Data for processing:
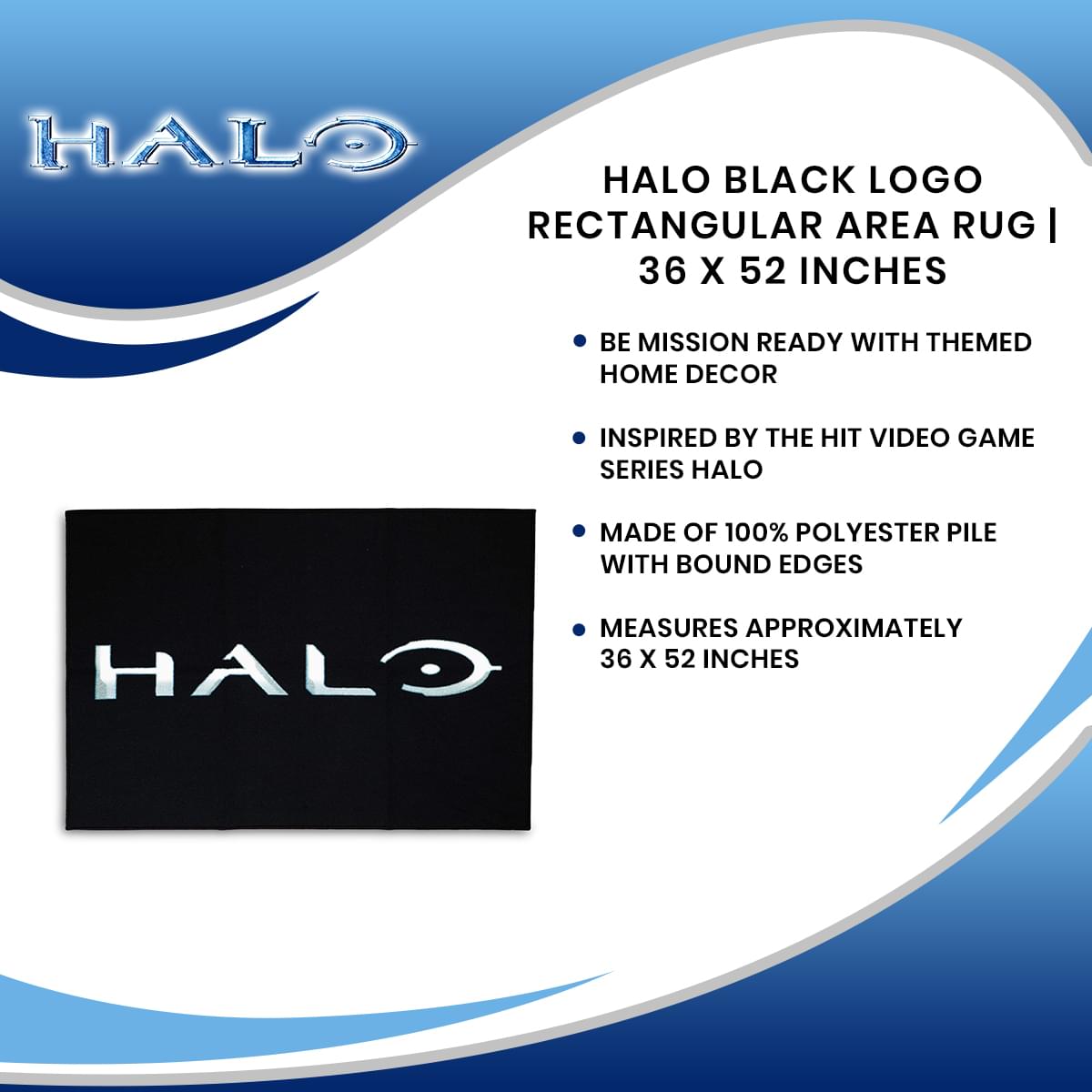 HALO Black Logo Rectangular Area Rug | 36 x 52 Inches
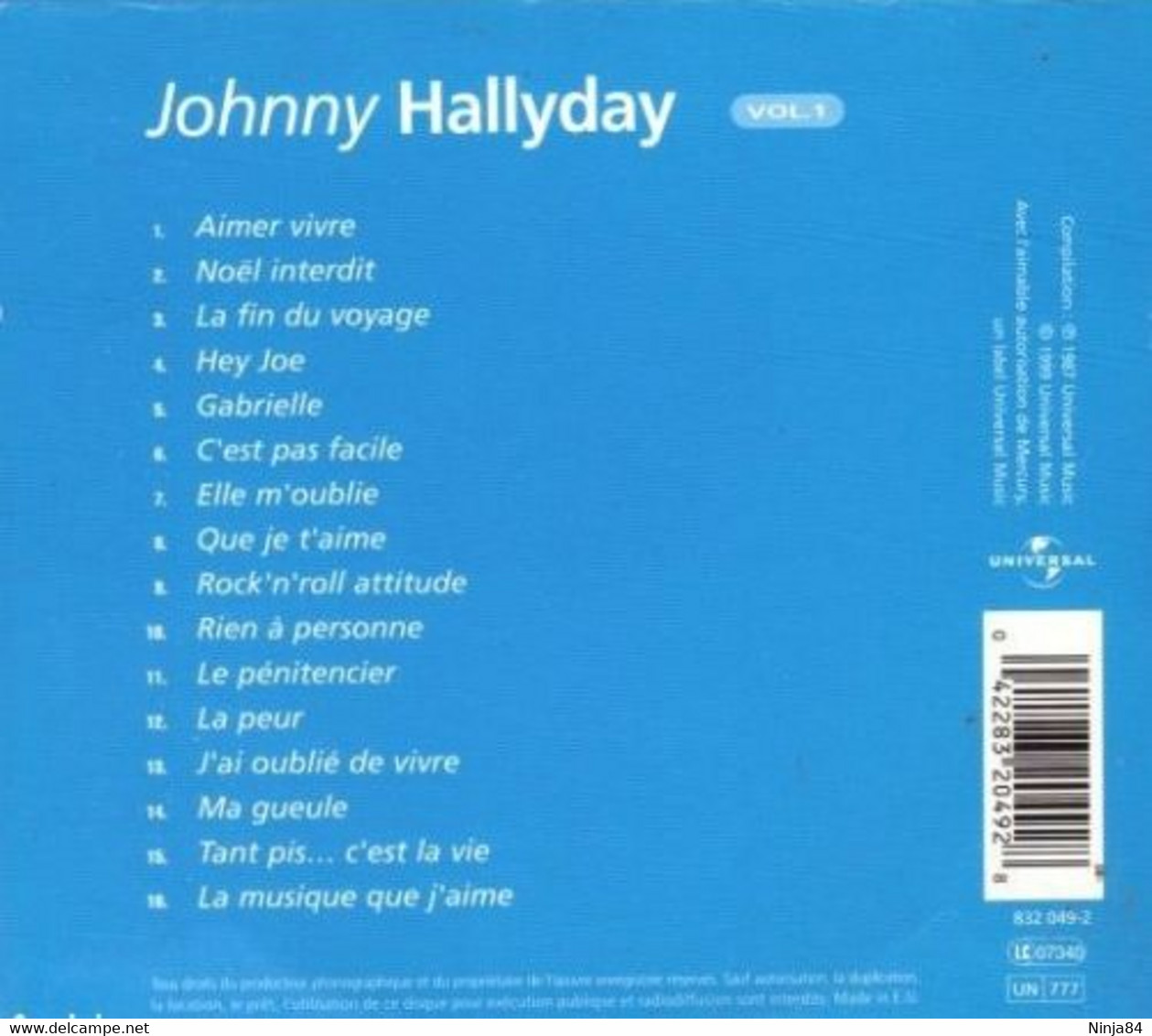 CD Johnny Hallyday / Michel Berger / Michel Mallory / Pierre Billon / Didier Barbelivien " Les Talents Du Siècle Vol:1 " - Otros - Canción Francesa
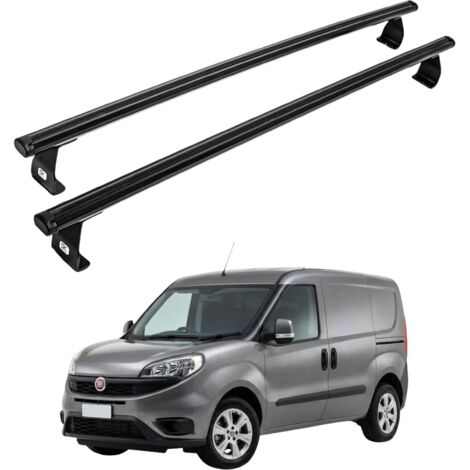 Barres de toit pour Fiat Doblo à partir de 2022, en aluminium, noir clair (1/5)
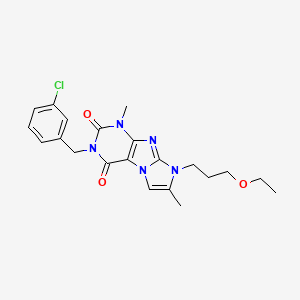 2-[(3-Chlorophenyl)methyl]-6-(3-ethoxypropyl)-4,7-dimethylpurino[7,8-a]imidazole-1,3-dione
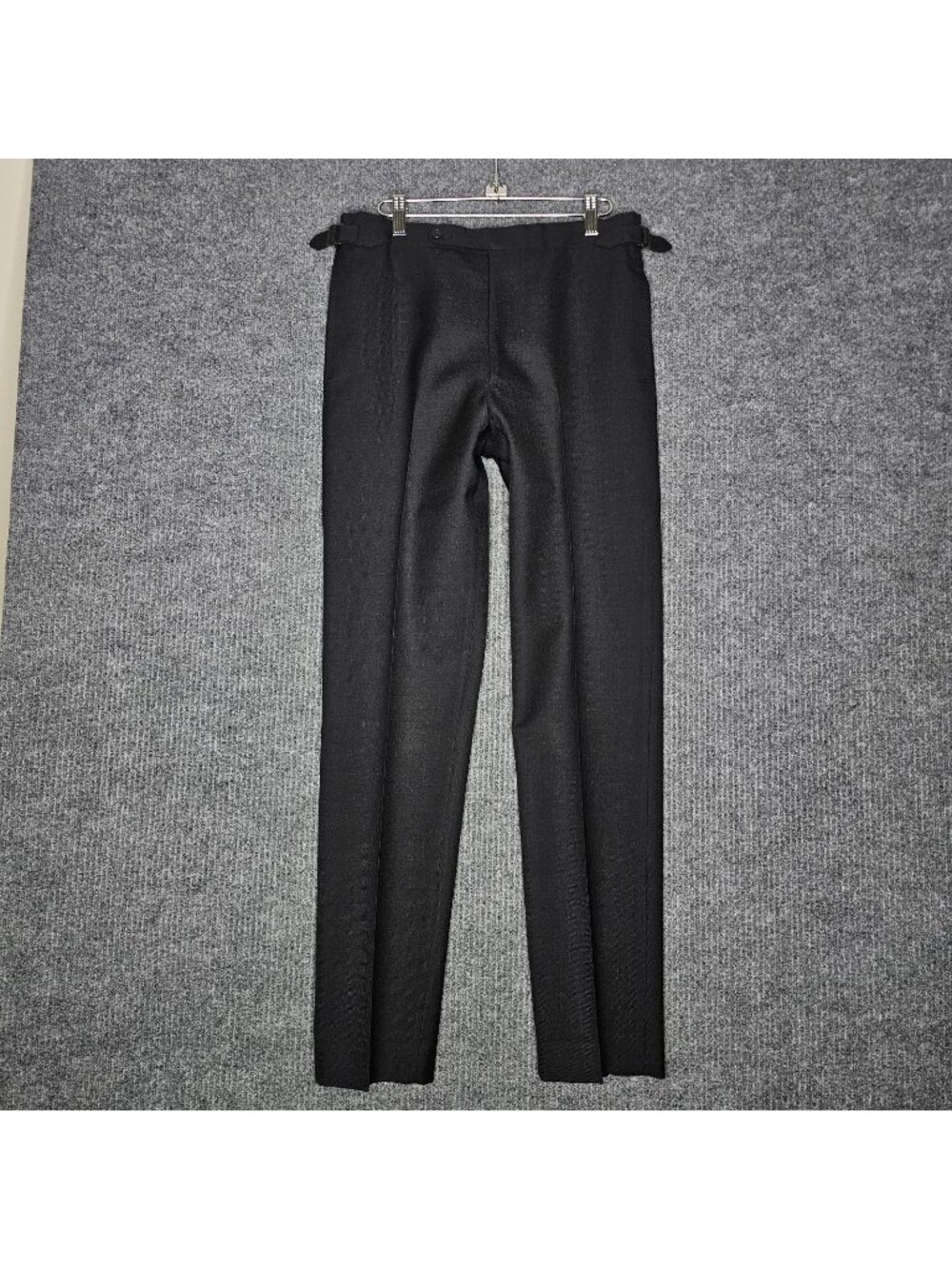 Husbands Paris Delon tg 40 30 x 31.5 Black Trousers Pure Wool pants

Required action: Leaving out the pictures, return the records exactly as given.

Result:
 HALO Black Logo Rectangular Area Rug | 36 x 52 Inches
 CD Johnny Hallyday / Michel Berger / Michel Mallory / Pierre Billon / Didier Barbelivien " Les Talents Du Siècle Vol:1 " - Otros - Canción Francesa
 Barres de toit pour Fiat Doblo à partir de 2022, en aluminium, noir clair (1/5)
 2-[(3-Chlorophenyl)methyl]-6-(3-ethoxypropyl)-4,7-dimethylpurino[7,8-a]imidazole-1,3-dione
 Husbands Paris Delon tg 40 30 x 31.5 Black Trousers Pure Wool pants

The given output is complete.